§ **What needs to be done**
After reading the data below, copy out every line that contains the word "Lane".

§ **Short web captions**
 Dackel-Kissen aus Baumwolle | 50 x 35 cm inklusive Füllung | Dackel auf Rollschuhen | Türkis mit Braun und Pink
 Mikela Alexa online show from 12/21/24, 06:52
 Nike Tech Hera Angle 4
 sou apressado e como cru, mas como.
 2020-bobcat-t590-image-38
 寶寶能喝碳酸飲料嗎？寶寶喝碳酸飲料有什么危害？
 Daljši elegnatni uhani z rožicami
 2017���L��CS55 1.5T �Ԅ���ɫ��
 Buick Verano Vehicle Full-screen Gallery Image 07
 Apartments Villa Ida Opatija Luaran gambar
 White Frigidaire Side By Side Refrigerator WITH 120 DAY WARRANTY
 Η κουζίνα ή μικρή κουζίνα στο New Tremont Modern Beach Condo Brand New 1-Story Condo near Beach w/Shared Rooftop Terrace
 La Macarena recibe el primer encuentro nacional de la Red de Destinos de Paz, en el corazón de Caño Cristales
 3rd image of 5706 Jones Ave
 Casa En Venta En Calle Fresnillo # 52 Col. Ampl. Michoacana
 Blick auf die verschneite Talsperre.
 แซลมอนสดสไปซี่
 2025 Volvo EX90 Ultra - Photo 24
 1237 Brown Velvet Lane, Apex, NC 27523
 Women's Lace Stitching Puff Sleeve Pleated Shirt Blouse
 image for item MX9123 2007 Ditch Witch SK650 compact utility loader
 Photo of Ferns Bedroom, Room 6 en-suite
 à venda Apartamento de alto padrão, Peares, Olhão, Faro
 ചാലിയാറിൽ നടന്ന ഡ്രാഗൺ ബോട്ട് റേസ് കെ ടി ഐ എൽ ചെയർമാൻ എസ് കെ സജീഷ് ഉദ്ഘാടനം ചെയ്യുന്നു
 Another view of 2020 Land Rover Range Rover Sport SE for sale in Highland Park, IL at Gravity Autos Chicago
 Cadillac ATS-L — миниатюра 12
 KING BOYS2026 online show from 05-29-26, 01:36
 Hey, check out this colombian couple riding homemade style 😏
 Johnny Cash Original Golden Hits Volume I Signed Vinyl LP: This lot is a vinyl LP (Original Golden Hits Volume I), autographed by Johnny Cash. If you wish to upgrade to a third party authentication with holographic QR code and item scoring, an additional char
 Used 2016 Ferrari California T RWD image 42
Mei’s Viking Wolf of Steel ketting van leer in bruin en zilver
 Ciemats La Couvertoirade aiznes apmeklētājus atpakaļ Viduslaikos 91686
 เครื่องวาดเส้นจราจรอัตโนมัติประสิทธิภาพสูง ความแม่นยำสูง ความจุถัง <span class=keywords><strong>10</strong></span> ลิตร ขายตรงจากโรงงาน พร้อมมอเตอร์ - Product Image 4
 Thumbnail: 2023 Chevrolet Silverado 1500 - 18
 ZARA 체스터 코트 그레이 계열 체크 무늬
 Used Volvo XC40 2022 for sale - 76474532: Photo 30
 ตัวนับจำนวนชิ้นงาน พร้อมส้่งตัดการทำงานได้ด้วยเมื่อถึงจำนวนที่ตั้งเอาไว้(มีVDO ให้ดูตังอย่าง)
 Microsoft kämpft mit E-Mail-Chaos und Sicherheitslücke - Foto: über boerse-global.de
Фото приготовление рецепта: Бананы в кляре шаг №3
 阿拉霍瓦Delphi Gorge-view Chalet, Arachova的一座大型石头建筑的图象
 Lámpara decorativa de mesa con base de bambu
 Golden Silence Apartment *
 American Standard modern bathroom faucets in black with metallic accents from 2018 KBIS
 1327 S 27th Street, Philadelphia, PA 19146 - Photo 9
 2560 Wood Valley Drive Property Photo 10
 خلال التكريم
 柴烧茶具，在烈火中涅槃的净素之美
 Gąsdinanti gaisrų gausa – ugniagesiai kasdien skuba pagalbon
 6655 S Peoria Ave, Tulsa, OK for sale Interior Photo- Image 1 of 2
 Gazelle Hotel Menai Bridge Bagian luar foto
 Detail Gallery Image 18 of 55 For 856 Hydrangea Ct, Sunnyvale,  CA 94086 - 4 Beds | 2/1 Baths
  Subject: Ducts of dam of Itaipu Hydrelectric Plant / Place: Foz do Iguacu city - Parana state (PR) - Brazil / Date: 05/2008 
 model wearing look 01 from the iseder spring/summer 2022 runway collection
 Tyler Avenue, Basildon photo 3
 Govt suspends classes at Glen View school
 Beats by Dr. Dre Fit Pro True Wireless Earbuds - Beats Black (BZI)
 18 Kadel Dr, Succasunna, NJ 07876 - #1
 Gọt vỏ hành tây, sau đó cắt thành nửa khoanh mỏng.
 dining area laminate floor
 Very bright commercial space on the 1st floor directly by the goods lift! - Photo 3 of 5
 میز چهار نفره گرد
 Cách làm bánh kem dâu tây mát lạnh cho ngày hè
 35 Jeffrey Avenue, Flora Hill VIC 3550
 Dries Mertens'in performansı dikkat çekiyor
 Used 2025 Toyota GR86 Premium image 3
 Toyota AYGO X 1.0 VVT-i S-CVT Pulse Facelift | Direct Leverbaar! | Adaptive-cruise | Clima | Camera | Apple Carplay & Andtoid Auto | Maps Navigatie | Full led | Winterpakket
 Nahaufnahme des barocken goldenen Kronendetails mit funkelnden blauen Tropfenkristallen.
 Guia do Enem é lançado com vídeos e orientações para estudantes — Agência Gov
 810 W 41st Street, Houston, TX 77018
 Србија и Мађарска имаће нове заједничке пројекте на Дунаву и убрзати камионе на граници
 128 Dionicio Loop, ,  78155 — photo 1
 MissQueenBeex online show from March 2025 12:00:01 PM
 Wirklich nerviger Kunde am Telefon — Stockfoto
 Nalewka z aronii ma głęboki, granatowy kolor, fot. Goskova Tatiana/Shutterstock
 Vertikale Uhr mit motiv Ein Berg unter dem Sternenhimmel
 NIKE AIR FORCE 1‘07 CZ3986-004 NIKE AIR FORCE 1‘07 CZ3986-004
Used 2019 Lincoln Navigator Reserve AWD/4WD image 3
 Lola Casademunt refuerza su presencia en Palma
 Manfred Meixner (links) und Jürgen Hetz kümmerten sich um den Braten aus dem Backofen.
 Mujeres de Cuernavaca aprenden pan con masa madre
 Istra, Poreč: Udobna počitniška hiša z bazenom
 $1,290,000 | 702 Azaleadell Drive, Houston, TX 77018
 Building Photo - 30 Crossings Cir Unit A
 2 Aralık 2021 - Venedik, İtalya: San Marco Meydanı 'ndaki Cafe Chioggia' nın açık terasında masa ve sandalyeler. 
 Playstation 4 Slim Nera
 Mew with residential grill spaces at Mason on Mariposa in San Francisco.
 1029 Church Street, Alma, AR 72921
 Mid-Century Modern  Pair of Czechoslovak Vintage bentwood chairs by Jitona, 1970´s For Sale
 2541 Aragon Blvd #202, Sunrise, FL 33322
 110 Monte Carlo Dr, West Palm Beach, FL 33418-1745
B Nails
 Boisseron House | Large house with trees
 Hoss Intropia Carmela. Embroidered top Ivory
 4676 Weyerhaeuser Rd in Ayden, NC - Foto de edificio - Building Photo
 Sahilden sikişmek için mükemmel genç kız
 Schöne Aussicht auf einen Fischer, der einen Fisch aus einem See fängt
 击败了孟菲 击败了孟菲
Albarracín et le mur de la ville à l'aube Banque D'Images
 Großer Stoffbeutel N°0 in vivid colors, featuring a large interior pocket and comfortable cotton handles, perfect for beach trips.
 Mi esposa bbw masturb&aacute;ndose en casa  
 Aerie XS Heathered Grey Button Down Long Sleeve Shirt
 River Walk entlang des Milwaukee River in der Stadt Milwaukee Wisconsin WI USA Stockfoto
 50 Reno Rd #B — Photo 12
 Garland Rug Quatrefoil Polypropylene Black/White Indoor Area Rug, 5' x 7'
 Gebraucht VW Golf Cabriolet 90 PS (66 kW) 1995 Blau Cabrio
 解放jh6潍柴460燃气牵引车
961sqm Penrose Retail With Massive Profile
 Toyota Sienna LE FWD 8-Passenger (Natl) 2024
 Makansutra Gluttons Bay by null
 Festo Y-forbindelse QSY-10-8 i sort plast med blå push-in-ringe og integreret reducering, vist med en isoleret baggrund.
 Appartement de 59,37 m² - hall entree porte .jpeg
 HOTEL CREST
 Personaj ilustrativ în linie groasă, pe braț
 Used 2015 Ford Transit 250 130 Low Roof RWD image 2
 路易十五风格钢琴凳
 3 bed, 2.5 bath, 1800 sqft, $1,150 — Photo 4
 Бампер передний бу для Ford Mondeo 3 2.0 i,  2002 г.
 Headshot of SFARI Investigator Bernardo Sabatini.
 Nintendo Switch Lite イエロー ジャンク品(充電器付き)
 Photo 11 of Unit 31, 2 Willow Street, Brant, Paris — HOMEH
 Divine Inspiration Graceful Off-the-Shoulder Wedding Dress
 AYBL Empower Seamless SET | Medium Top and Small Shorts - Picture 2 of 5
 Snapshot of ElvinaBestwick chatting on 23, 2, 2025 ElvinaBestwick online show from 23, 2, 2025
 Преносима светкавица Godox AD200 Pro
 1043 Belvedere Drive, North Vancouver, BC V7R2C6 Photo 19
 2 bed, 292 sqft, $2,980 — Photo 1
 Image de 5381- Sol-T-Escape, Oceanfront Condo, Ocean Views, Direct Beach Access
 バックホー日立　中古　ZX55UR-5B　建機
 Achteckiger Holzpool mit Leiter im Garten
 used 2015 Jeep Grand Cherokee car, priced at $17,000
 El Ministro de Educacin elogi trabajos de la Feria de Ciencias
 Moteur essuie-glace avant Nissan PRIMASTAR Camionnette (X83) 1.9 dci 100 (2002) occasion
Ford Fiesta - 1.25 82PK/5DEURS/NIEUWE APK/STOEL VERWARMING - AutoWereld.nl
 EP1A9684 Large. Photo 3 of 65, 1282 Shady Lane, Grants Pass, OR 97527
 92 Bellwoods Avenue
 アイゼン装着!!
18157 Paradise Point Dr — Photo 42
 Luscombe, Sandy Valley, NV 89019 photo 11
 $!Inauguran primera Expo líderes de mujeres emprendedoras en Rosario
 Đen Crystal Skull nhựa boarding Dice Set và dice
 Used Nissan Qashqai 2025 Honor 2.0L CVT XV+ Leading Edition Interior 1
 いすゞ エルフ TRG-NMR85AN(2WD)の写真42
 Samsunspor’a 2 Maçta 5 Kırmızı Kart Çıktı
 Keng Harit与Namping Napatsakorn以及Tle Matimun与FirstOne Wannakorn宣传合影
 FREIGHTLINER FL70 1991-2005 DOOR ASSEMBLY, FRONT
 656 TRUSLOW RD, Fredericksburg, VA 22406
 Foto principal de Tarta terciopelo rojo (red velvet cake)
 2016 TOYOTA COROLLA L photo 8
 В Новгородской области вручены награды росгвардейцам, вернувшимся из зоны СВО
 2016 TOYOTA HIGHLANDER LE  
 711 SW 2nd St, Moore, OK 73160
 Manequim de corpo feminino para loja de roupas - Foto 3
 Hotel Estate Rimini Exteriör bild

§ **Output of the exercise**
 1237 Brown Velvet Lane, Apex, NC 27523
 EP1A9684 Large. Photo 3 of 65, 1282 Shady Lane, Grants Pass, OR 97527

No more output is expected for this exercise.